The other parenting party has a platform built on parents giving of themselves so selflessly that the marriage becomes secondary, a mere utilitarian partnership to provide the needs of the children. Parents who go with this approach are often concerned about meeting every emotional need of their children. To tell them that this is impossible is to lead them to despair.
Maybe these are only extremes, but they get a lot of press. There is much pressure to “join a party.” However, both parties put unnecessary strain on marriages AND the whole family, including the children. Both parties only give lip service to the deeply creative aspect of parenting.
Parenting needs to be decentralized. While most people will agree that it greatly benefits a child to learn self-control, there is not one patented way that can guarantee that outcome for each child. Similarly, there is not one certain ritual that can fulfill the promise that a child will be assured of parental love. This is because it is about relationship and each relationship has it’s own dynamics. It is like gift giving. It is easiest to choose gifts for those you know best.
Each family has unique characteristics and circumstances that affect day to day decisions.

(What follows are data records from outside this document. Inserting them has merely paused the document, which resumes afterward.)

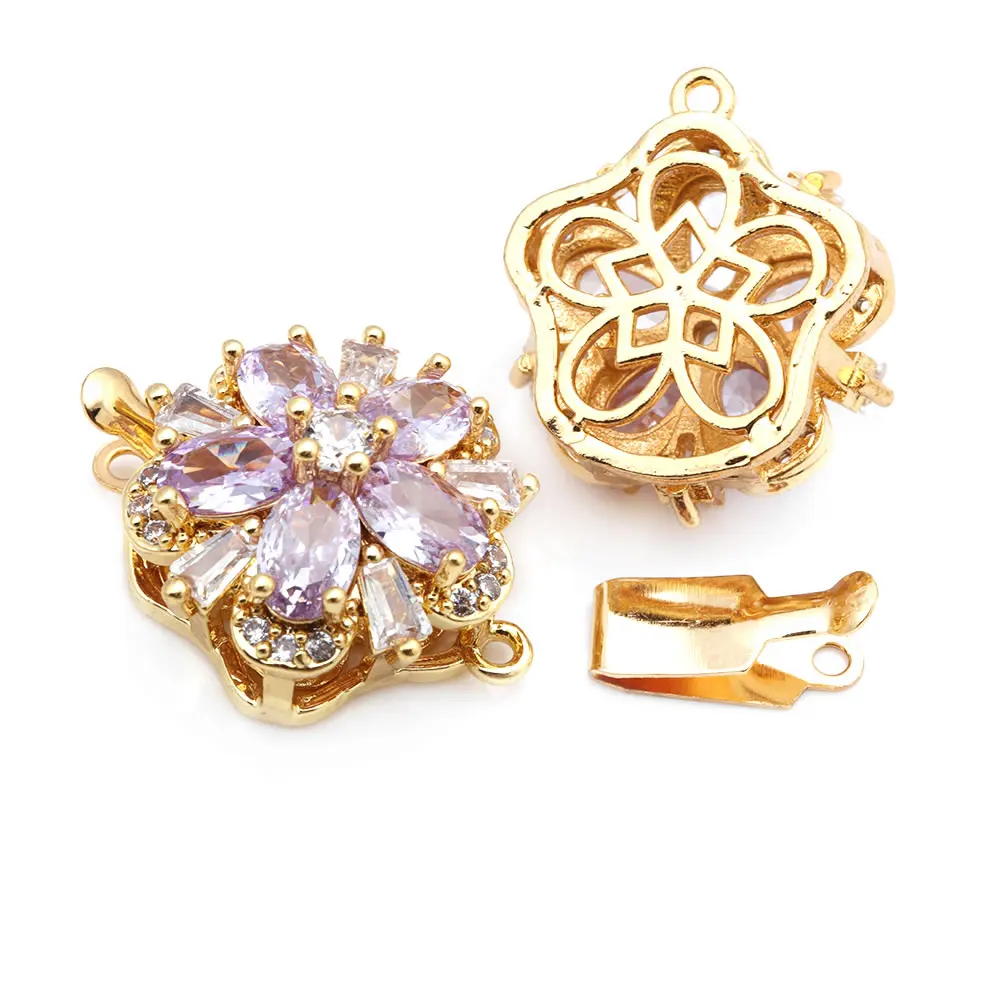 4 juegos de collares de flores de latón y circonio de Color dorado de 18K, cierres de conexión, suministros de joyería Diy de alta calidad - details 10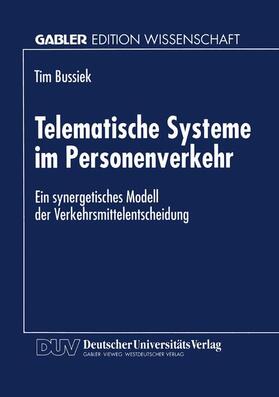  Telematische Systeme im Personenverkehr | Buch |  Sack Fachmedien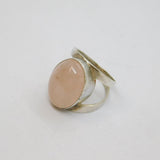 Scottish Sterling Silver Cabochon Rose Quartz Statement Ring Modern c1990 Size M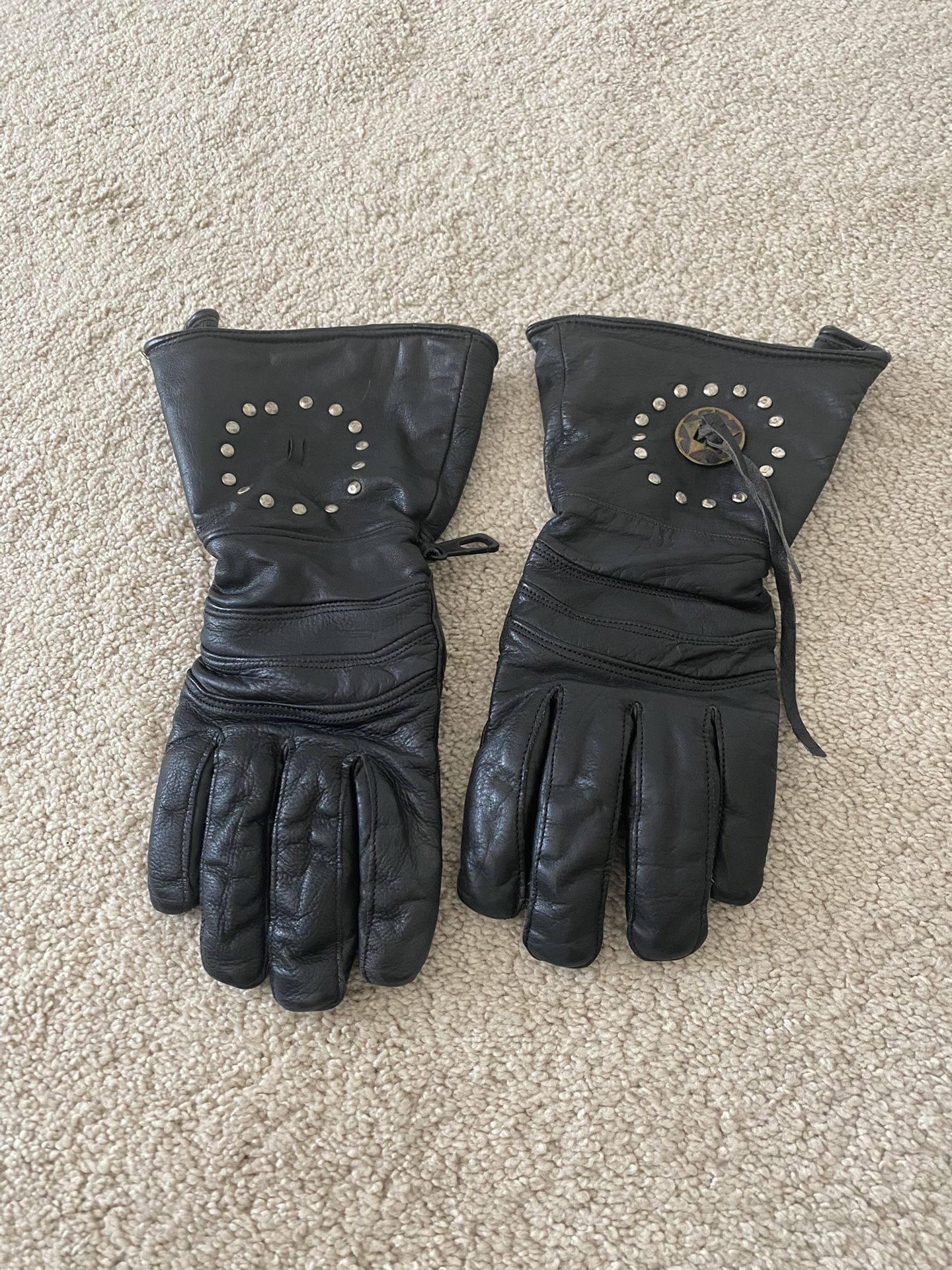High rise motorcycle gloves, size small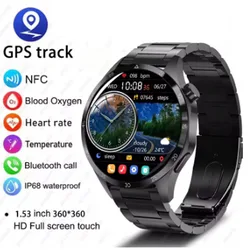 Black Watch For Tecno Pova Neo 5G Smart Watch Men AMOLED HD Screen Bluetooth Call NFC Health GPS Sport Smartwatch Women 2024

One family may view a certain meal time as sacred, an all important time of bonding and communication. Another family may need more flexibility due to the main bread-winner’s variable work schedule. Communication for them might be better if not stressed by an unpredictable meal time and midnight kitchen clean-up.
Some parents may teach their children how to handle money by providing them with certain amounts, then supervising it’s use. Other parents may decide their children will have to earn “their own money.” But there is no obvious line or age or category of expenditure at which a parent should wisely stop providing for the financial concerns of children. The only clear situation is when the parents are destitute and aren’t providing anything. Other than that, there is no moral high ground for how children are taught to be responsible with what is available to them.
Sleeping habits is another category of parenting wherein one set of parents makes another feel not quite adequate. Some children go to sleep easily. Some don’t care where they sleep. Other children really want to be near their parents through the hours of the night, at least before they fall asleep anyway. But each set of parents should be allowed to choose what works best for them and their children. What if either parent ends up truly deprived of sleep because a child is an active sleeper? What if a parent is sleep deprived because they are constantly going into a crying child’s room. Being sleep deprived due to real care needs is one thing, but there is nothing honorable about losing sleep because of being stubbornly adherent to a certain creed.
It is useful and fun to share ideas about parenting, but it probably needs to be done with an eye to principles taught by flexible, creative methods. If someone’s child needs more spanking, it doesn’t mean he or she is a harsh bad parent. If someone’s child is turned by a look and stern word, it doesn’t mean he or she is a good compassionate parent. Just ask me. I’ve had a couple of both kinds of kids. Parenting is like economics: there are a few basic truths, but beyond that the specifics are best handled by those with the most at stake. Parents.